- Location within the regional unit
- Agios Stefanos Location within Greece
- Coordinates: 38°8′N 23°51′E﻿ / ﻿38.133°N 23.850°E
- Country: Greece
- Administrative region: Attica
- Regional unit: East Attica
- Municipality: Dionysos

Area
- • Municipal unit: 8.136 km^{2} (3.141 sq mi)
- Elevation: 350 m (1,150 ft)

Population (2021)
- • Municipal unit: 10,597
- • Municipal unit density: 1,302/km^{2} (3,373/sq mi)
- Time zone: UTC+2 (EET)
- • Summer (DST): UTC+3 (EEST)
- Postal code: 145 xx
- Area code: 210
- Vehicle registration: Z
- Website: www.agstefanos.gr

= Agios Stefanos, Attica =

Town in the Athens urban area, Greece

Agios Stefanos (Άγιος Στέφανος, meaning Saint Stephen) is a town and a northern suburb of the Athens agglomeration, Greece.
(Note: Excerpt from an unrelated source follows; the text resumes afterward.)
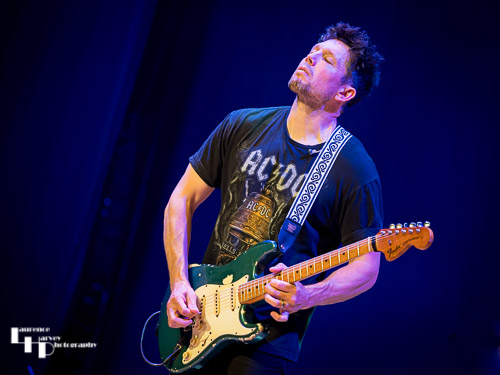 Aynsley Lister on vocals & guitar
Since the 2011 local government reform it is part of the municipality of Dionysos, of which it is the seat and a municipal unit. The municipal unit has an area of 8.136 km^{2}.

==Geography==
Agios Stefanos is situated in the hills in the northeastern part of the Athens conurbation, at about 350 m elevation. It lies east of the Parnitha mountains, northwest of the Penteliko Mountain, and 4 km southwest of the Marathon Reservoir. The source of the river Kifisos is near Agios Stefanos. It is 9 km west of Marathon and 21 km northeast of Athens city centre. Its built-up area is continuous with those of the neighbouring suburbs Anoixi and Stamata to the south.

The A1 motorway (Athens–Thessaloniki–Evzonoi) passes west of the town. Agios Stefanos has a railway station on the railway from Athens to Thessaloniki. Athens ERA-1 transmitter, the second tallest man-made structure of Greece, is situated north of Agios Stefanos.

==Historical population==
Agios Stefanos has historically been an Arvanite settlement.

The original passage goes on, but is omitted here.